== Segment start ==

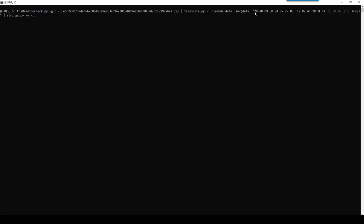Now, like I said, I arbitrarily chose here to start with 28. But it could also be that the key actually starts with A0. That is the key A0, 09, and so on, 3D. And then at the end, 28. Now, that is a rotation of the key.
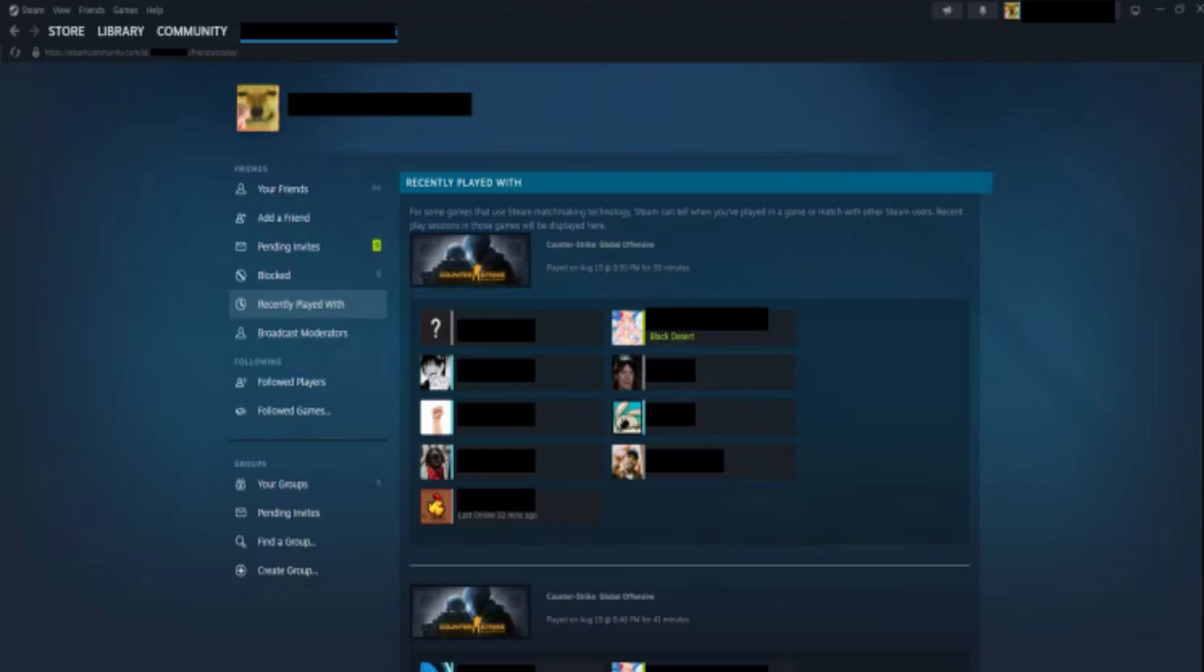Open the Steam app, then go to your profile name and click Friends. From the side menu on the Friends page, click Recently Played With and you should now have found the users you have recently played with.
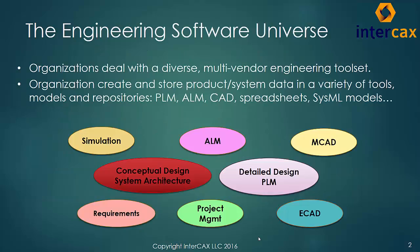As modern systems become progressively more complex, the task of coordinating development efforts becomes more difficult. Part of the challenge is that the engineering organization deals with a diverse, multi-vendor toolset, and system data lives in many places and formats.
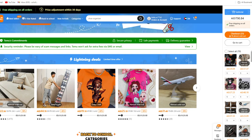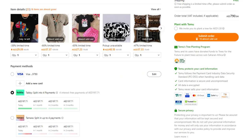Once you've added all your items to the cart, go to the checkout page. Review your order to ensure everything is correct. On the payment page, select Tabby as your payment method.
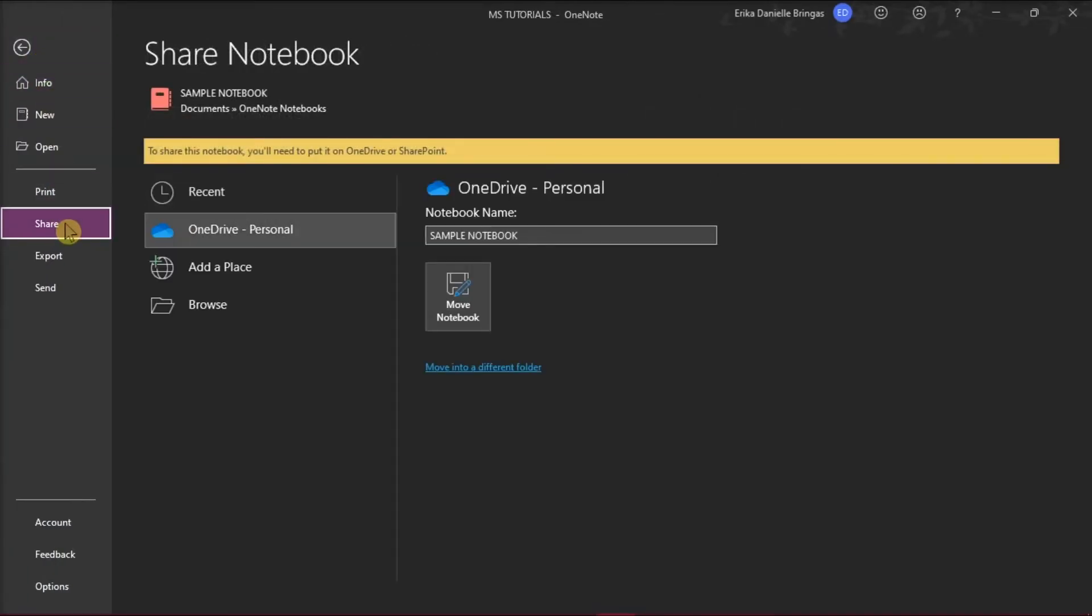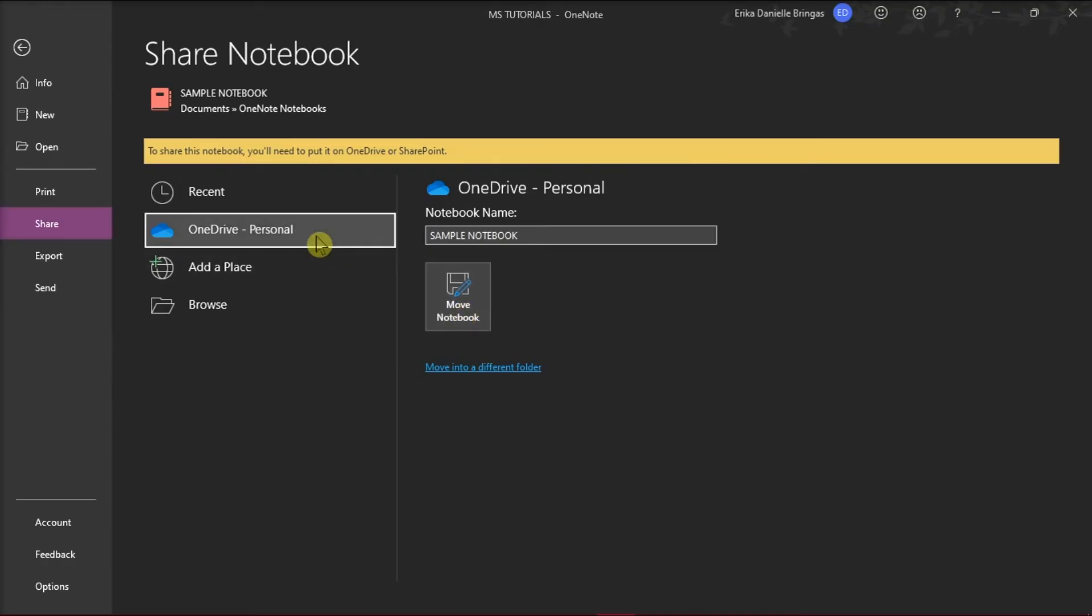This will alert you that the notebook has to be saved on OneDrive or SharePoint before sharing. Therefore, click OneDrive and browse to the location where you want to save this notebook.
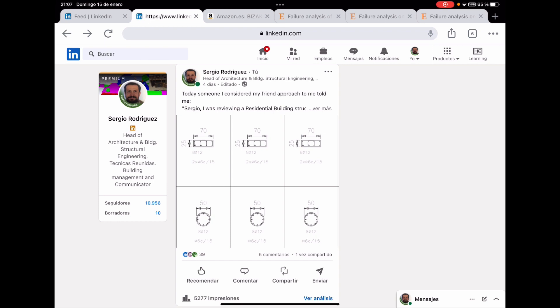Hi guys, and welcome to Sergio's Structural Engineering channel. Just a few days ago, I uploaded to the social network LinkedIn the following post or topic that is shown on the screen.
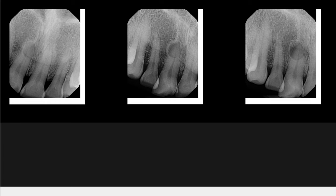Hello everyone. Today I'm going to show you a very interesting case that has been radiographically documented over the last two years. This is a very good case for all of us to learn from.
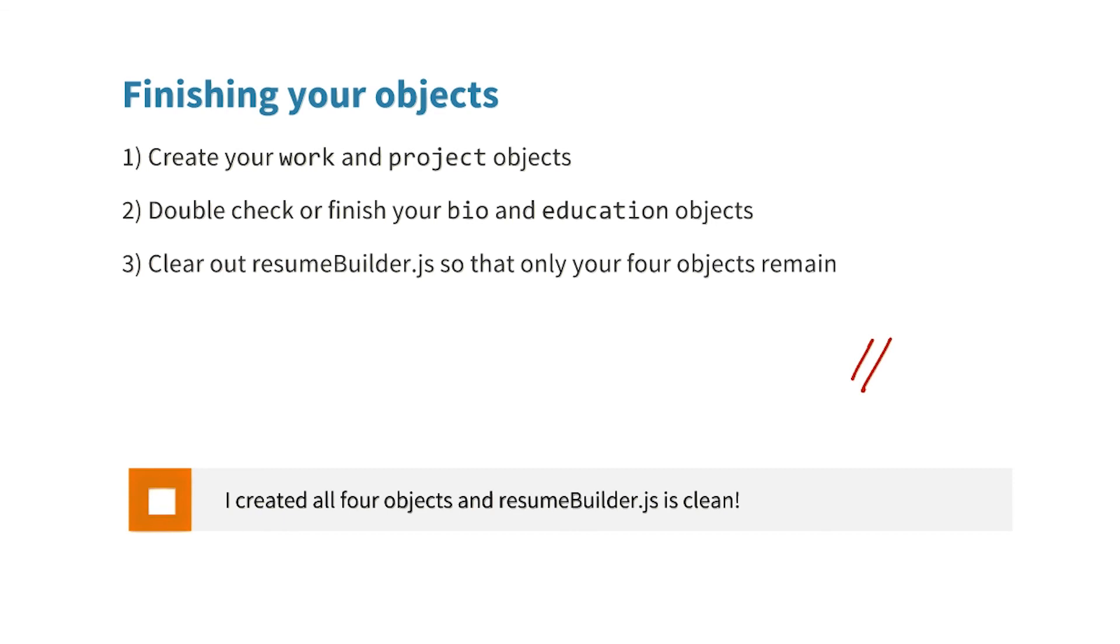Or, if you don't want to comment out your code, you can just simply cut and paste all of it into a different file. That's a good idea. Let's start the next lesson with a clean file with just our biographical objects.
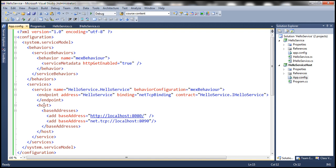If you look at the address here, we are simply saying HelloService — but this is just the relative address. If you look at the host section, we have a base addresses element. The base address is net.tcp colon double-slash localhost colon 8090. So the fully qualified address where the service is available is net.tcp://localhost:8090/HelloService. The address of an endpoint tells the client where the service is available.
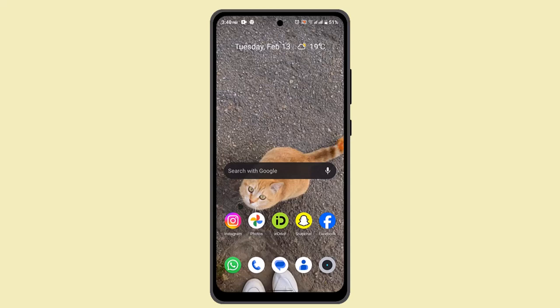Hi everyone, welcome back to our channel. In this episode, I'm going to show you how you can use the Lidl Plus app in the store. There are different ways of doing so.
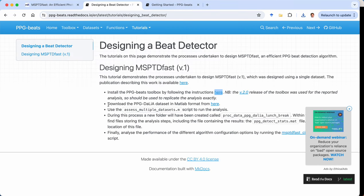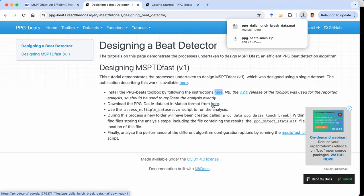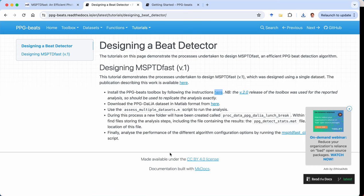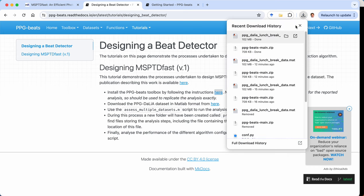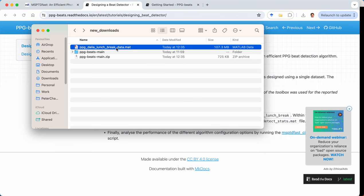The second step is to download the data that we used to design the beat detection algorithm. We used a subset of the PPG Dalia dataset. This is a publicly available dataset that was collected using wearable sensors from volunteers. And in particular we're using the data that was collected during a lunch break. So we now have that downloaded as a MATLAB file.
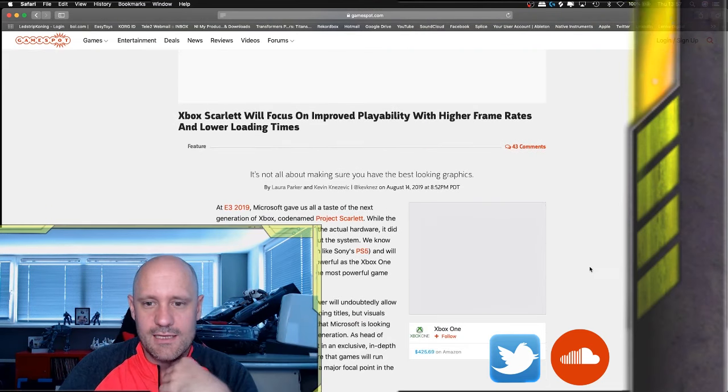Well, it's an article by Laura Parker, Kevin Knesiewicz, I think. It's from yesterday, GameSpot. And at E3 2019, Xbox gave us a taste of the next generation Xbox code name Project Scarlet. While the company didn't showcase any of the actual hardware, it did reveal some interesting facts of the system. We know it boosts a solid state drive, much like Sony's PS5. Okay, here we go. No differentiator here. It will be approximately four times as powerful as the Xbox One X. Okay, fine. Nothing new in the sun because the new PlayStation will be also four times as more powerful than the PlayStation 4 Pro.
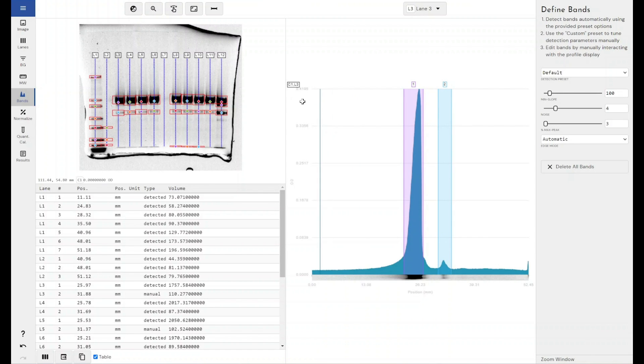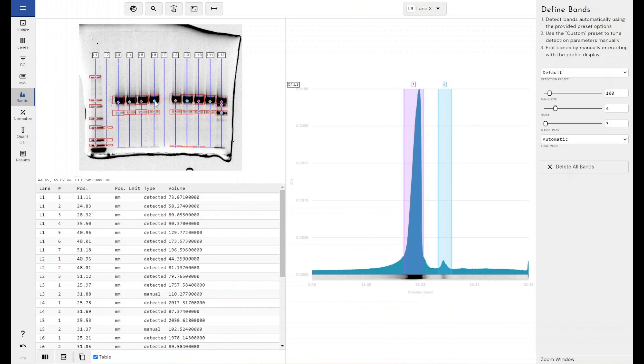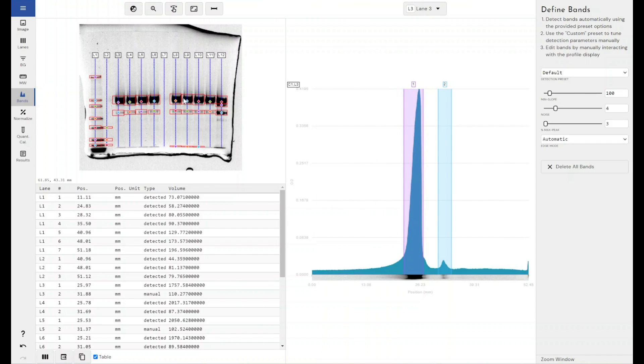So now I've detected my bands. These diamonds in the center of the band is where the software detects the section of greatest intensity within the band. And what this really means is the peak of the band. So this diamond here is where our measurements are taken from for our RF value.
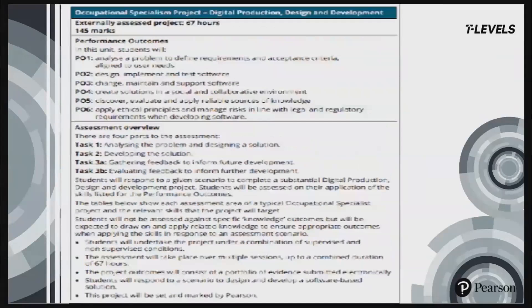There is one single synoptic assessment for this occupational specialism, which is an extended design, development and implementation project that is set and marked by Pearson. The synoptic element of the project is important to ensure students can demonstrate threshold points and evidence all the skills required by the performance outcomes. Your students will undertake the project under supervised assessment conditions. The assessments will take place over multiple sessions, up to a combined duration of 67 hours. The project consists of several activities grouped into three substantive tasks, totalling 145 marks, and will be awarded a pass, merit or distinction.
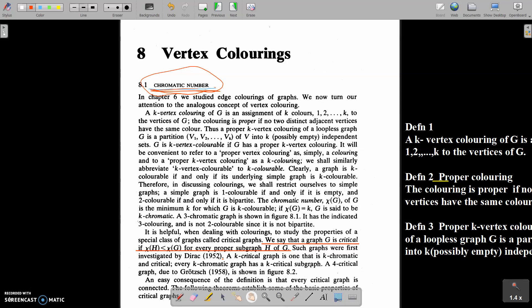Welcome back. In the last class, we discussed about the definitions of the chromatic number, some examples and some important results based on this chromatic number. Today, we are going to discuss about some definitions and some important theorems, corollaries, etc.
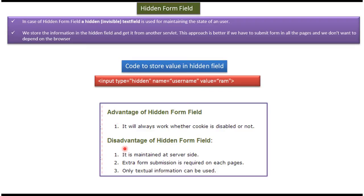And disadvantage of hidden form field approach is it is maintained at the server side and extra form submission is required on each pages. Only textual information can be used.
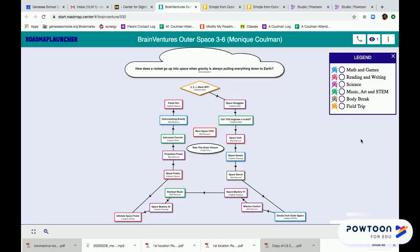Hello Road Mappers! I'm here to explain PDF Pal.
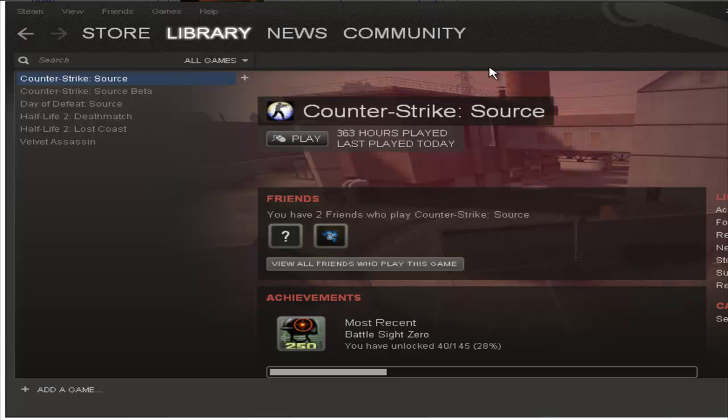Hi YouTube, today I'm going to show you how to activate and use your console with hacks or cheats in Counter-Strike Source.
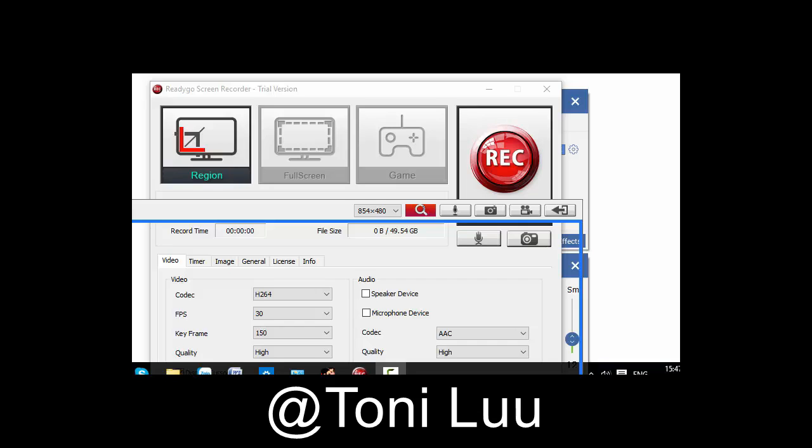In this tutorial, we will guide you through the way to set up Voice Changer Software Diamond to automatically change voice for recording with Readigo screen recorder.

== Segment end ==

=== Instructions for the task ===
Copy exactly, and only, the lines running from the one containing "Hello Road Mappers!" through the final line of the data, and omit the pictures.

=== Written solution ===
Hello Road Mappers! I'm here to explain PDF Pal.
Hi YouTube, today I'm going to show you how to activate and use your console with hacks or cheats in Counter-Strike Source.
In this tutorial, we will guide you through the way to set up Voice Changer Software Diamond to automatically change voice for recording with Readigo screen recorder.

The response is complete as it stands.